No, that's 5Mbps. Since you always see on adverts "up to 8Mbps", this sounds about right, it's a good but fairly average home internet connection in the UK.
5Gbps is about 1000x faster.
(I've just done the test and get 55284kbps, both upload and download. Lovely!)
So, let's do some quick maths.
Your connection is apparently 5584kbps.
Your file is 60MB. Converting this to kb --> 480,000kb.
(I just multiplied by 8,000 to convert from Mega to kilo, and from Bytes to bits.)
So, do 480000 / 5584, which will tell you how long it should take it seconds.
This comes to 86 seconds. A little over a minute.
If you allow for extra losses, you could multiply your speed (5584) by 0.7, to get 70% of that speed. (30% losses seems a lot perhaps, but it tends to be a pretty good real world value.) Even with this, it still just comes to 122 seconds. 2 minutes.

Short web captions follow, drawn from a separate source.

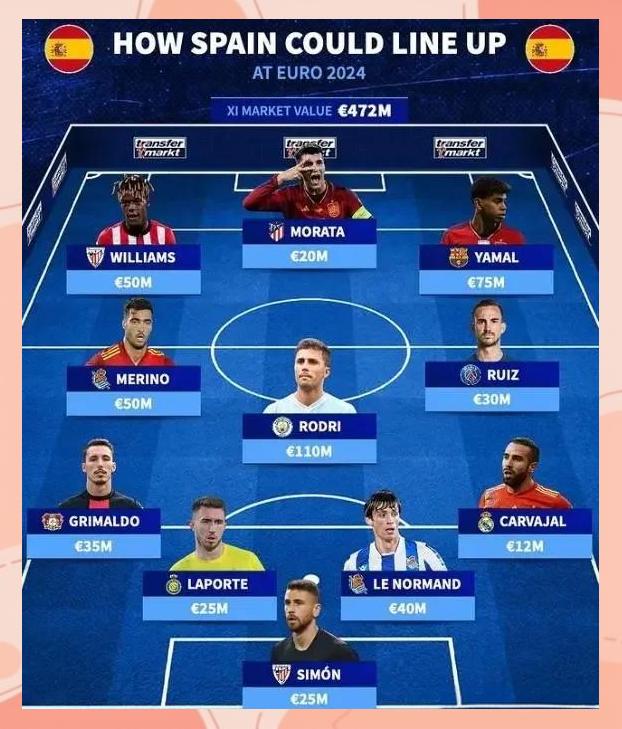 关于冠军走势：各支豪门球队在欧洲杯上的前景展望的信息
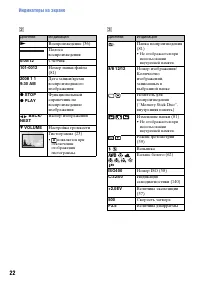 Страница 22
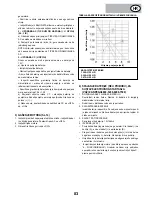 Предварительный просмотр 83 страницы Mecafer MF6500E User Manual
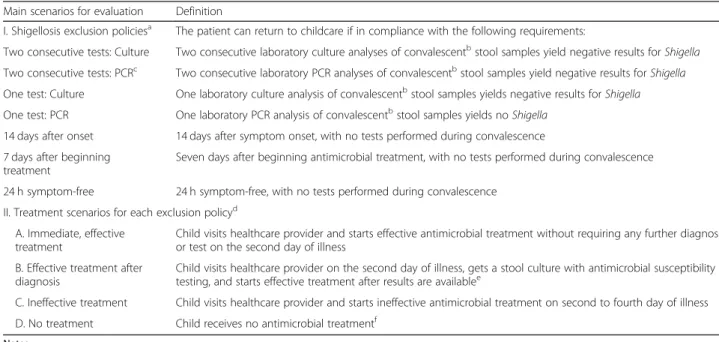Table 1 Main scenarios evaluated: shigellosis exclusion policies assessed and patient treatment scenarios Main scenarios for evaluation Definition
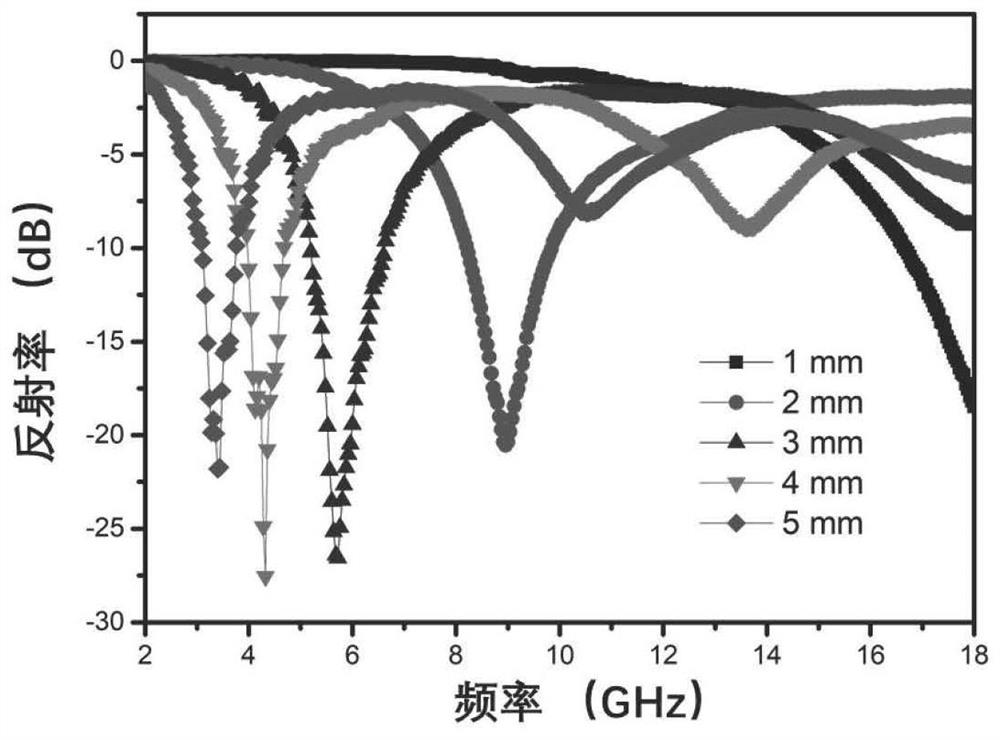 Preparation method of cobalt oxide/cobalt diselenide heterostructure loaded C3N4 composite material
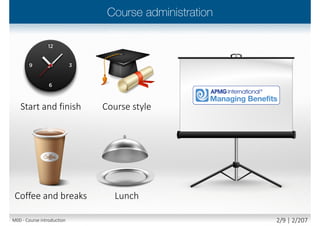 Start and finish Course style
LunchCoffee and breaks
M00 - Course introduction 2/10 | 2/210
 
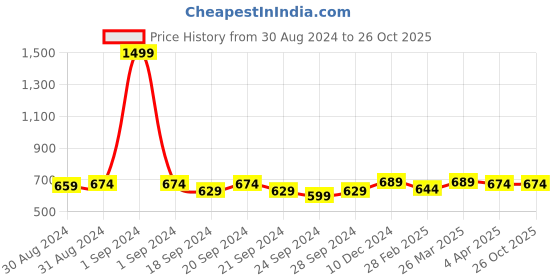 myntra.com ABDESIGNS Gold-Plated Classic Drop Earrings abdesigns Price History Graph from 30 Aug 2024 to 26 Oct 2025
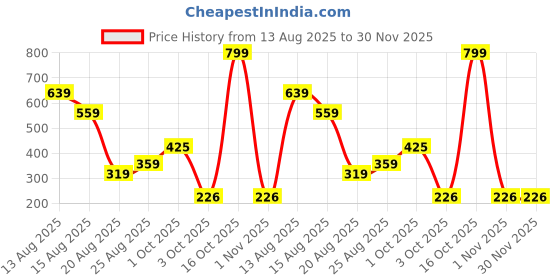 myntra.com Miss Perfect Men Embellished Dial & Leather Textured Straps Analogue Watch AC65 miss perfect Price History Graph from 13 Aug 2025 to 30 Nov 2025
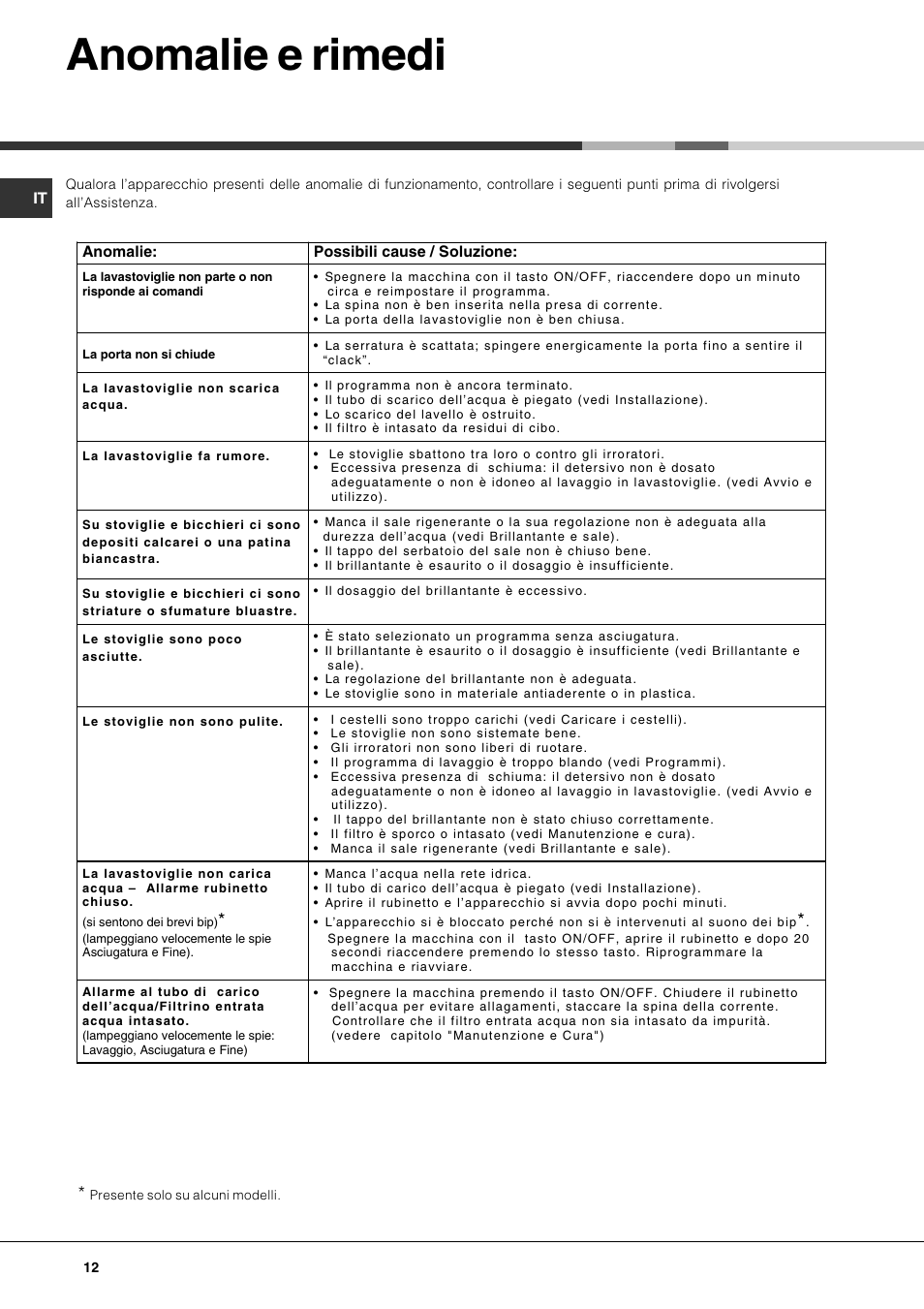 Anomalie e rimedi | Hotpoint Ariston LSP 733A X User Manual | Page 12 / 84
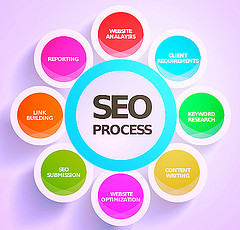 SEO traffic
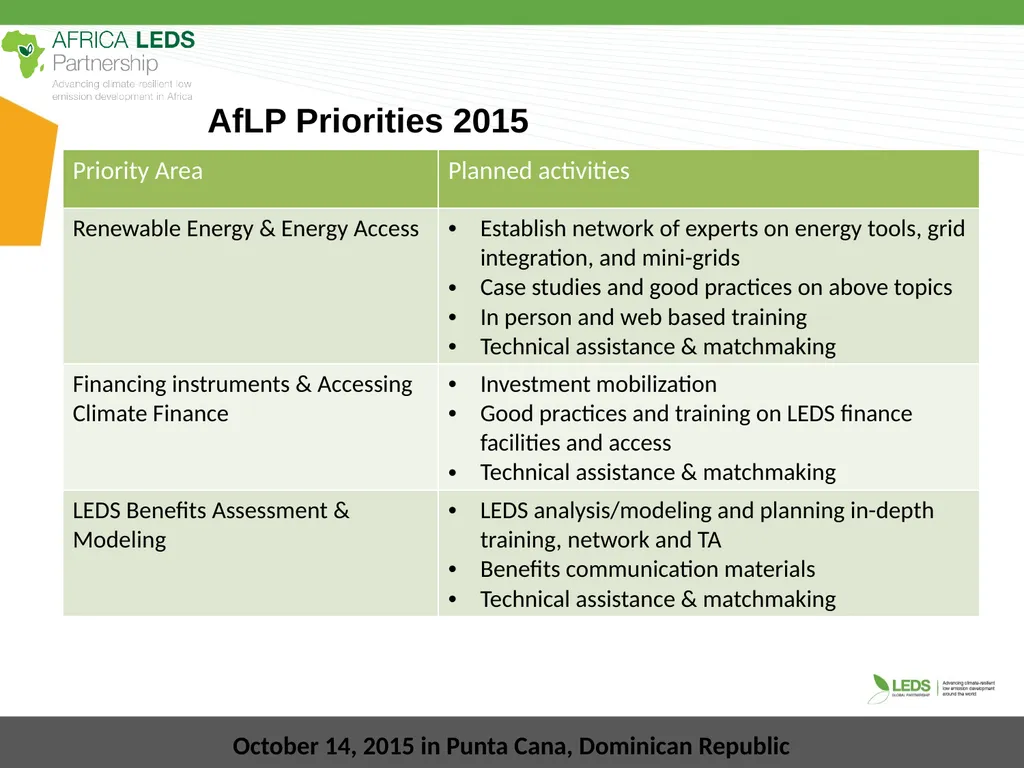 LEDS Global Partnership 2015 Annual Workshop - slide 3 of 5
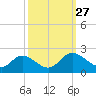 Sturgeon Point tide chart for Saturday, September 27, 2025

So 10 minutes is far slower than your connection should be, assuming that you can download to the maximum your connection supports, even taking into account losses.
It's here that kempie and gen2's answers become the issue. This is why your download is slow.
Try going to speedtest.net again, and running the test from a server in the US or Australia. Different speeds? It's going through far more networks and servers, so you get more losses.